In ‘Alsoe die historie seit’ beschouwt Evelien Timpener aan de hand van gedetailleerde tekstvergelijkingen De Clerc uten laghen Landen vanuit nieuw perspectief (p. 167-209). Niet lang na de Hollantsche Cronike van heraut Beyeren (voor mei 1409) en tegen het einde van de regeerperiode van graaf Willem VI (mei 1417) kwam een nieuwe Hollandse kroniek tot stand. Over de auteur, die zichzelf omschrijft als ‘een onghenoemt Clerc, geboren vten laghen landen bi der zee’, suggereert Timpener voorzichtig dat het misschien Dirc Potter betreft. De Clerc baseerde zich op de Nederlandse Beke en meer nog op de tweede versie van de Hollantsche Cronike, maar liet alle passages die niet over de geschiedenis van het graafschap Holland handelden, maar bijvoorbeeld over het Sticht, weg. Zijn tekstaanpassingen hadden tot doel een versterking van de legitimatie en van de machtsaanspraken, onder andere op Friesland, van het Hollandse gravenhuis. Verder voegde hij politieke verklaringen, morele lessen, propagandistische passages en didactische en plezierende mirakelverhalen toe.

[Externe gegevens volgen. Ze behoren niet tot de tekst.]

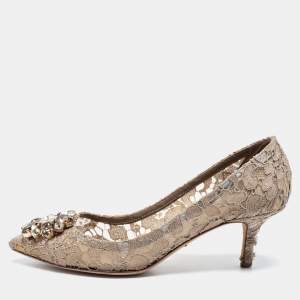Pre Owned Dolce & Gabbana Beige Lace Bellucci Pointed Toe Pumps Size 36.5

Bram Van Hofstraeten belicht de belangrijkste resultaten van zijn oerdegelijke prosopografische studie van De dignitarissen en grote kanunniken van het kapittel van Sint-Goedele en Sint-Michiel te Brussel (1430-1559) (p. 210-260). De landsheer beschikte als collator over de meeste prebenden en kon die zodoende toevertrouwen aan zijn raadslieden. Het profiel van de grote kanunniken verruimde in de late middeleeuwen van lokale en Brusselse patricische families tot een meer adellijke recrutering over de hele Nederlanden. Soms gebeurde het dat de dignitarissen (deken, cantor en thesaurier —het kapittel beschikte sinds de dertiende eeuw niet meer over een proost) pas jaren na hun aanstelling ook een prebende verwierven. De koorheren hadden vaak universitaire studies, doorgaans in de rechten, gedaan.

De dertiende jaargang van het Jaarboek voor Middeleeuwse Geschiedenis schrijft zich in de traditie van diepgaande, originele studies aan de hand van de bronnen, die het aangeboorde thema keer op keer grondig uitspitten.